一番のファインプレーはポジション取りだと思います。この時期の阪神の2000mや、宝塚記念の距離である2200mというのは、今回のようなレース運びが勝ちパターンの一つ。僕も現役時代はそういうレースを心がけていました。
具体的に言うと、ハナに行っている馬の2番手外目、3番手外目がいいんです。外目、というのがポイントで、馬場傾向を考慮して、ハナに行っている馬の真後ろではなく外目、あとは後ろの馬たちに3コーナーからマクられないようにするという形がベストです。
今回のメンバー構成で、サマーセントはそういう形が取れそうだなと考えていて、それが4、5番手になるとキツイのではないかと想像していました。ナルハヤが逃げる展開になることはわかっていたし、その横にしっかり付けられたのがファインプレーで、例えば50kgの軽斤量だからと真後ろに付けて、ロスなく立ち回ろうと考えるジョッキーもいると思いますが、今の阪神の馬場には合わないというか。
今の時期はちょっと重目で力の要る馬場状態であることが多く、当日もっと雨が降ったら内に入れてもいい馬場になったと思いますが、お天気が良くなって来て馬場が乾いて来たりすると、学君が取った進路が一番馬にとって走りやすいのではないかと思っています。
絶好のポジショニングで、軽ハンデを活かす形を作って、それがばっちりハマりましたね。レースを見ていて、2コーナーのところで「いいぞ」と思いました。あのポジショニングが取れれば、あとはもうこれで負けたら仕方ないというレース運びでしたから。
絶好のポジショニングを取った上で、ペースを上げ下げし過ぎないんですよね。
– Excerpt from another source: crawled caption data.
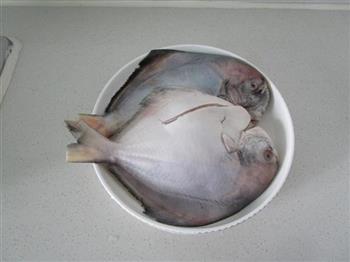 红烧鲳鱼的做法图解1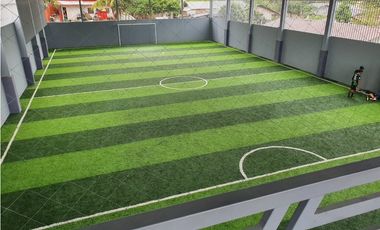 I025025 - CONGLOMERADO COMERCIAL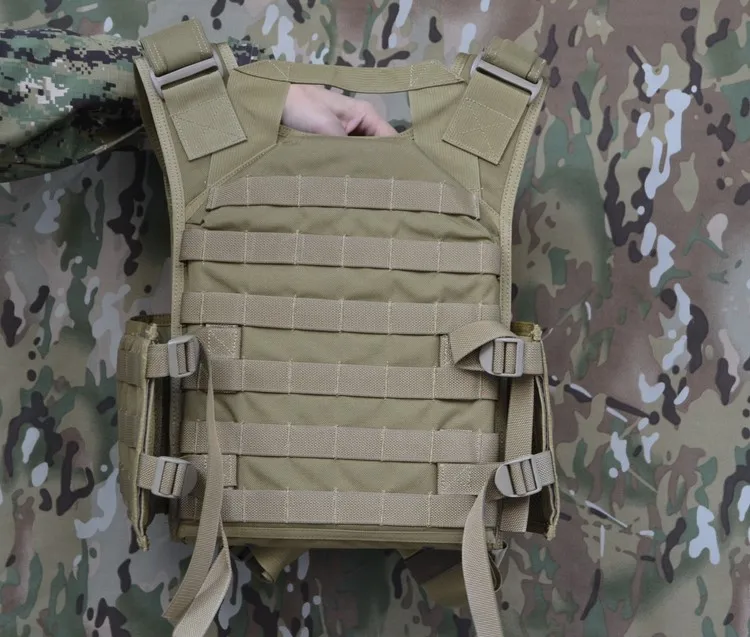 

FLYYE MOLLE, II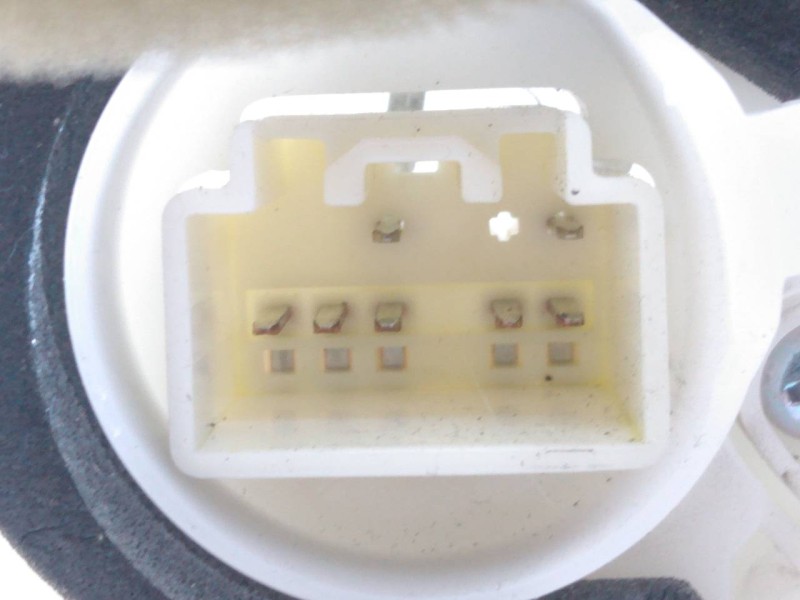 Recambio de cerradura puerta delantera izquierda para mazda cx-5 style 2wd referencia OEM IAM   E2-A2-15-1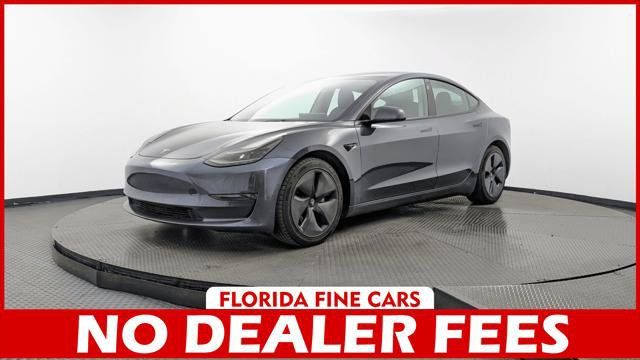 Used 2021 Tesla Model 3 Standard Range Plus RWD image 1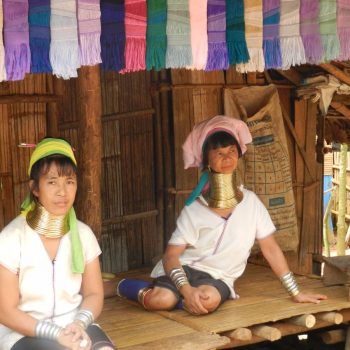 de "langnekken " in Noord Thailand 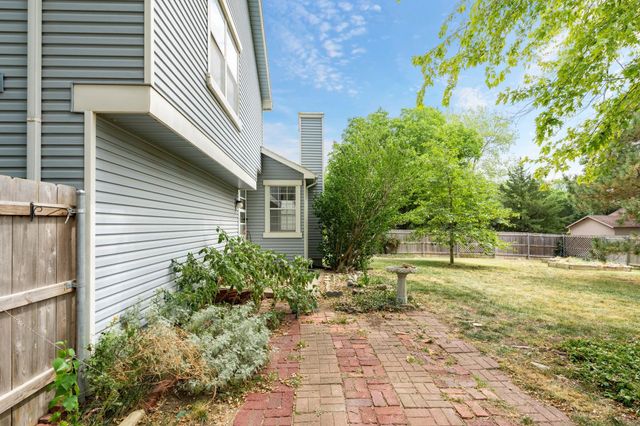 919 W Cedarwood Ct, Andover, KS 67002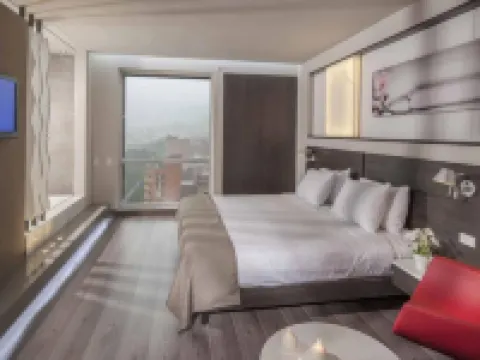 音圖飯店 佩德羅內爾戈麥斯博物館附近的飯店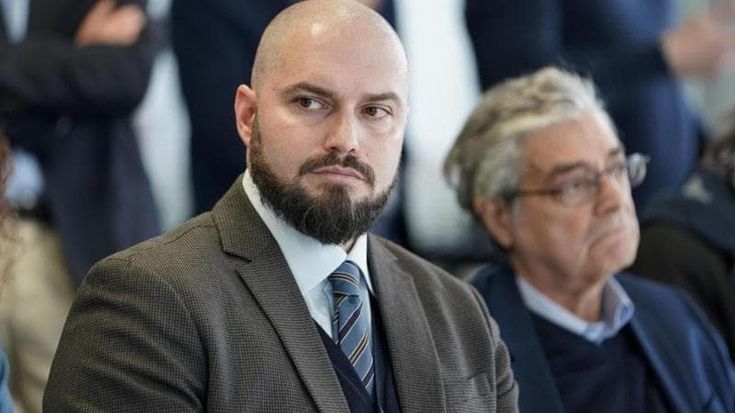 Polemica su Zaki e Benini. Marrone (FdI): “Il Salone inizia in un ex centro sociale. Capita quando vince il mercato”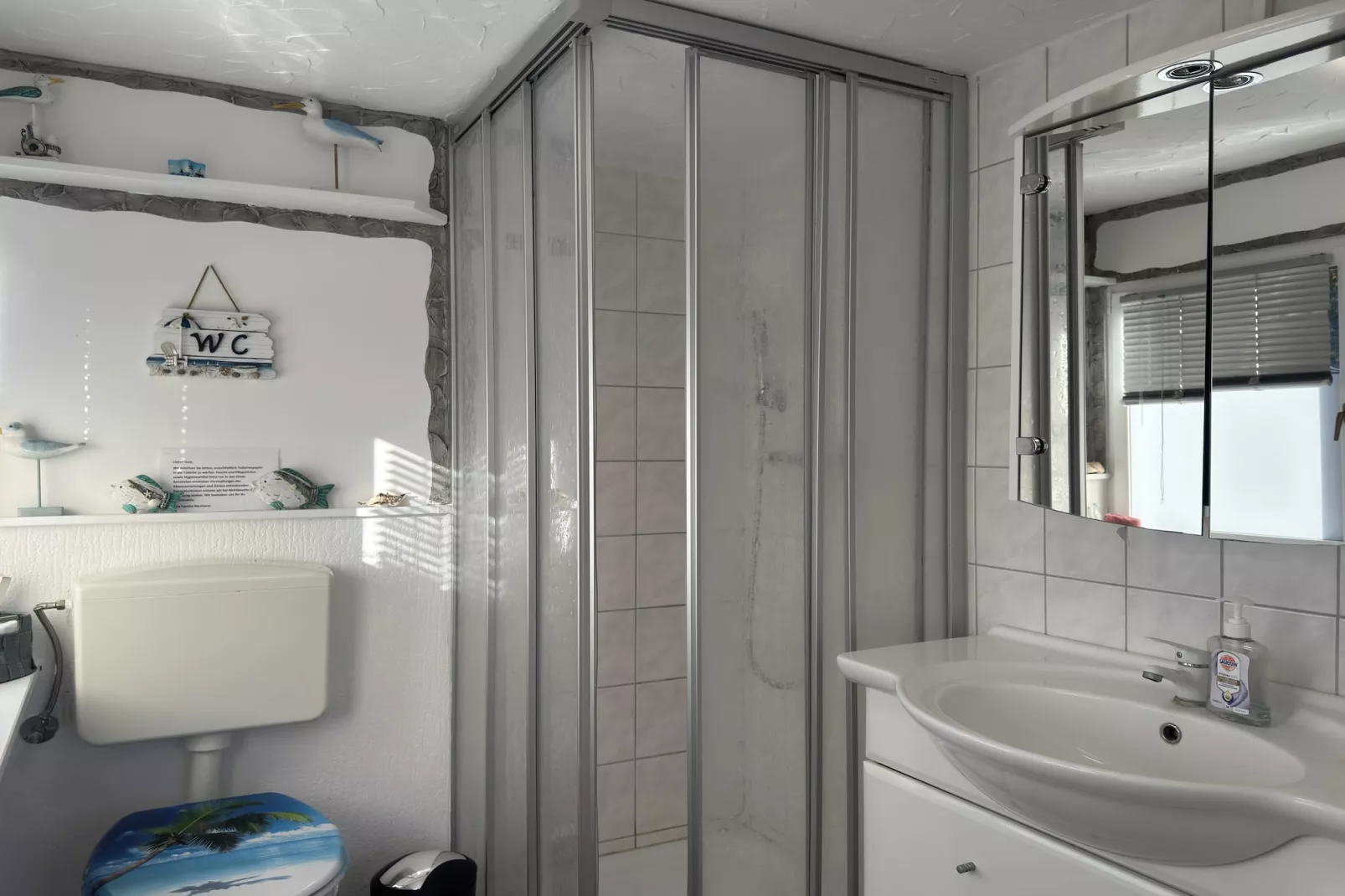 Bootshaus direkt am See mit eigenem Steg-Badezimmer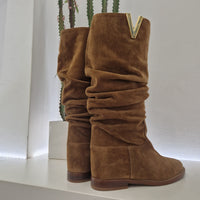 Via Roma stivaletto suede color cuoio accessorio V oro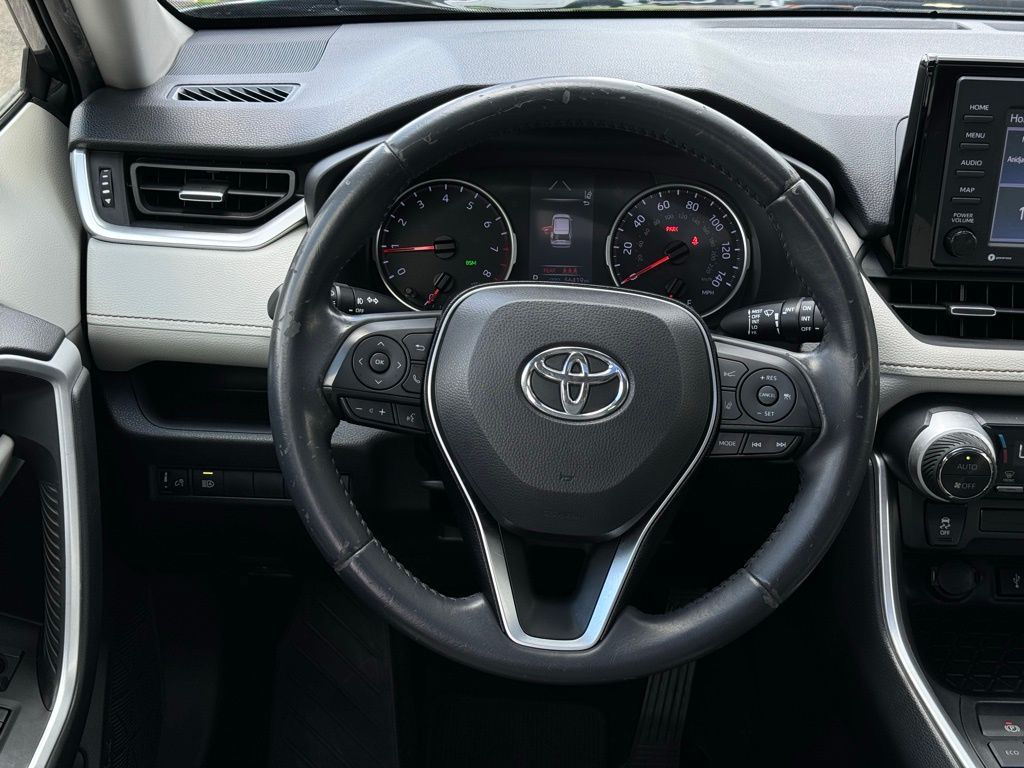 2020 Toyota RAV4 XLE Premium 18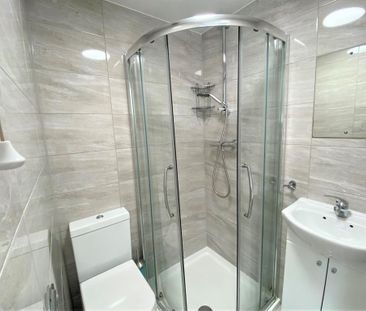 House share to rent - Photo 1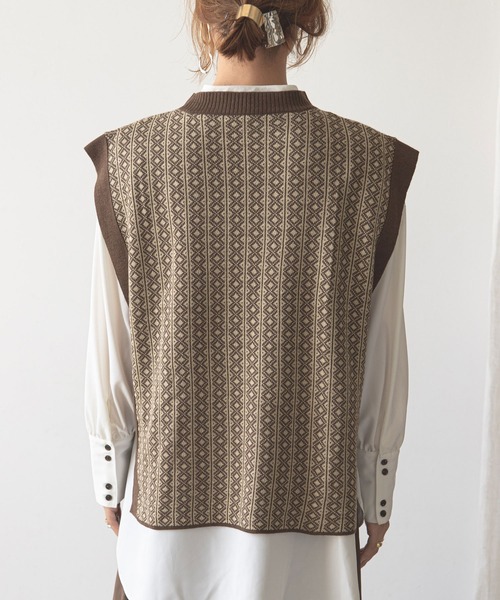 rectangle(レクタングル)の「ダイヤ柄ジャガードベスト(ベスト・レディース・ブラック/ベージュ/オリーブ/モカ・FREE)」の19枚目の写真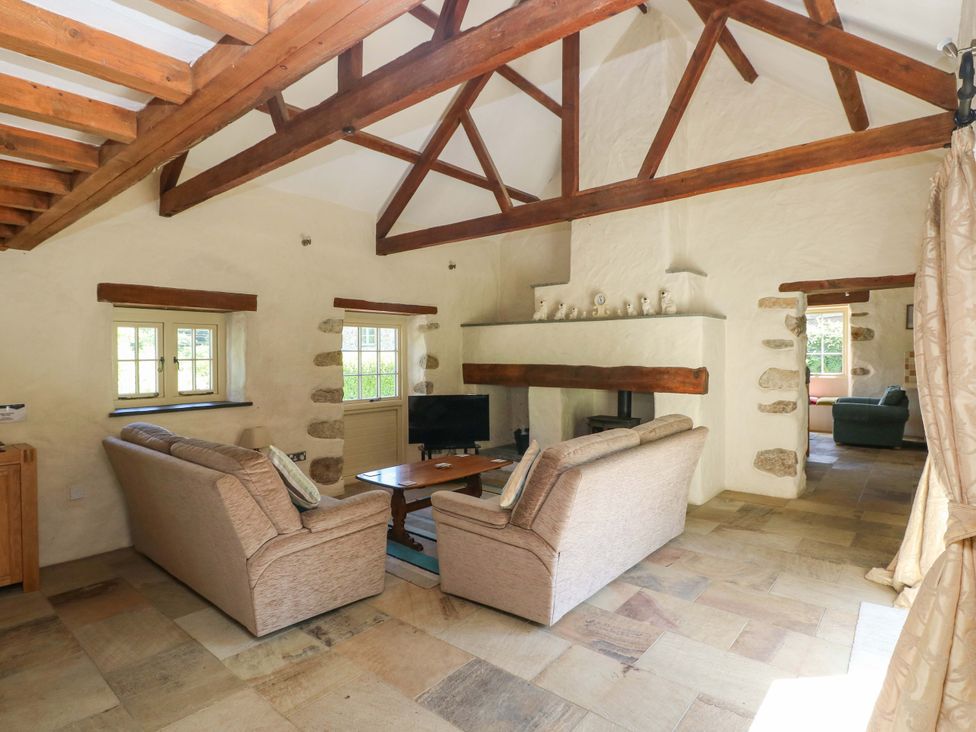 A living room with sofas and a coffee table at Carreg Las in Haverfordwest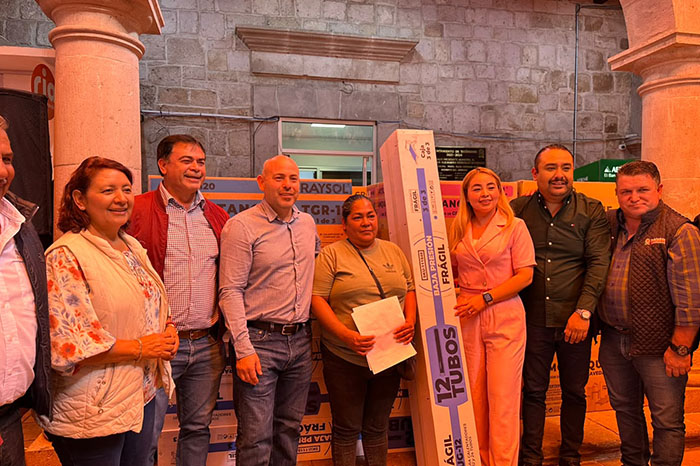 Más de 300 familias de Tarímbaro reciben apoyos sociales por parte del Ayuntamiento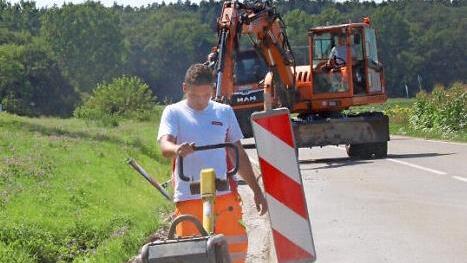 Parallel zu den Arbeiten an der Ortsdurchfahrt werden zwischen Gosberg und dem Bahnhof Pinzberg die Bankette befestigt.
スピードを上げ過ぎずに2番手をしっかり取っているし、2番手を取ったからといって、必要以上に減速しようとしていない。
そして、3コーナーから後ろの馬が外目から押し上げて来た時の対処もファインプレーでした。向こうの馬が気力負けというか、脚負けするくらいずっと同じペースで行って、向こうの馬の脚色がちょっと鈍って来たなというところから仕掛けてペースを上げていった。最初にも指摘しましたが、ここでマクられてしまうと先行している馬にとってはキツイ展開になりますから、マクろうとする馬に対してどう対処するかが大事。ペースの読み、スピードのコントロールも上手く、一気に加速するのではなく、ジワッと加速しました。そういう乗り方も軽ハンデの馬に合うと思いますね。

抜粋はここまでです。